Instructions for the task.
Please transcribe the data below exactly. Leave the pictures out.

Supplied data.
◆ ◆ ◆ ◆

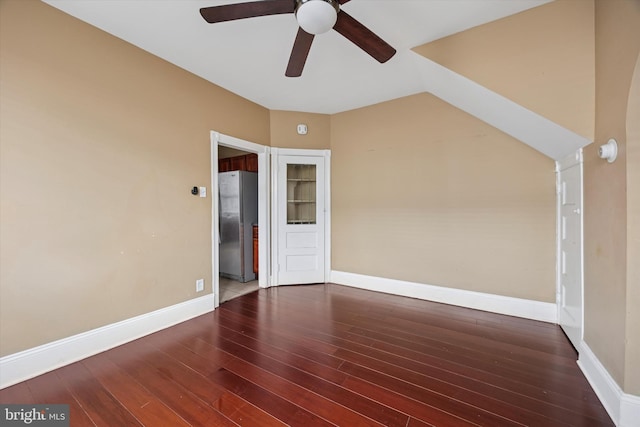 empty room with ceiling fan, vaulted ceiling, wood finished floors, and baseboards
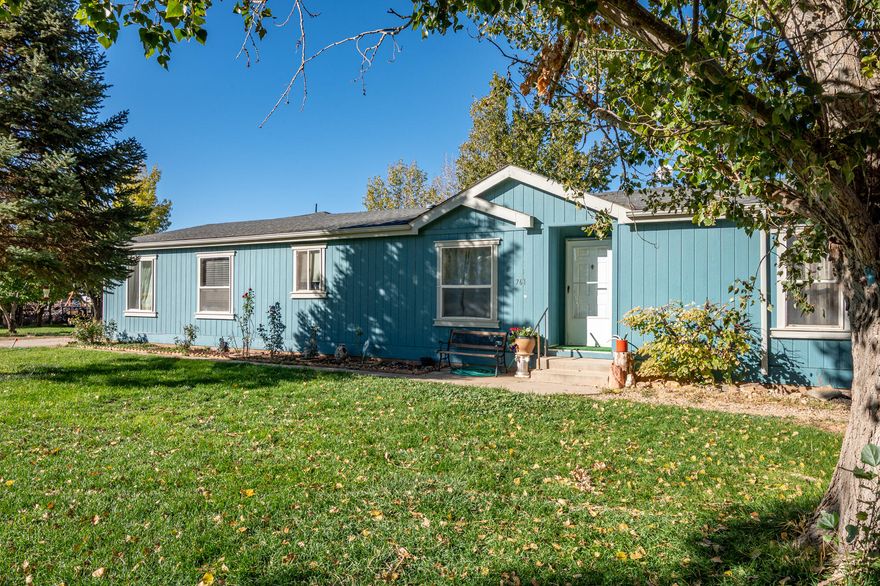 Charming Mini Ranch on 1 Acre - Peaceful End-of-the-Street Setting. Welcome home to this inviting 4-bedroom mini ranch tucked away in a quiet end-of-the-street location. Sitting on a full acre, this property offers the perfect blend of comfort, charm, and country living. Step inside to a warm and welcoming remodeled home with a functional layout and plenty of natural light. Outside, the acreage is fully fenced and ready for your animals, hobbies, or future plans. An oversized 2-car garage provides extra storage or workspace, and there's ample RV parking for all your outdoor adventures.  Enjoy room to breathe, space to grow, and the peaceful surroundings of this delightful property. A rare find with so much potential come experience the charm for yourself!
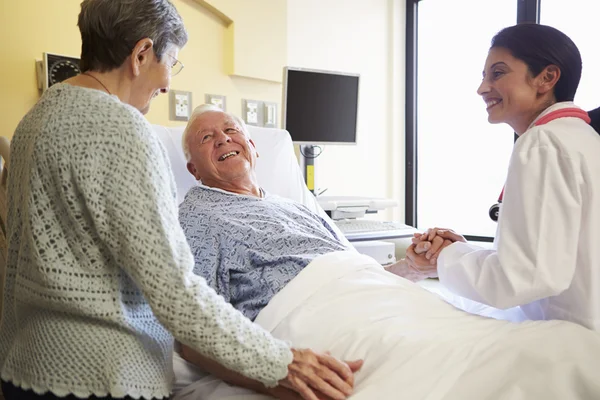 Kvinnliga läkare pratar med äldre par i sjukhussal — Stockfoto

◆ ◆ ◆ ◆

Result for this task.
 empty room with ceiling fan, vaulted ceiling, wood finished floors, and baseboards
 Charming Mini Ranch on 1 Acre - Peaceful End-of-the-Street Setting. Welcome home to this inviting 4-bedroom mini ranch tucked away in a quiet end-of-the-street location. Sitting on a full acre, this property offers the perfect blend of comfort, charm, and country living. Step inside to a warm and welcoming remodeled home with a functional layout and plenty of natural light. Outside, the acreage is fully fenced and ready for your animals, hobbies, or future plans. An oversized 2-car garage provides extra storage or workspace, and there's ample RV parking for all your outdoor adventures.  Enjoy room to breathe, space to grow, and the peaceful surroundings of this delightful property. A rare find with so much potential come experience the charm for yourself!
 Kvinnliga läkare pratar med äldre par i sjukhussal — Stockfoto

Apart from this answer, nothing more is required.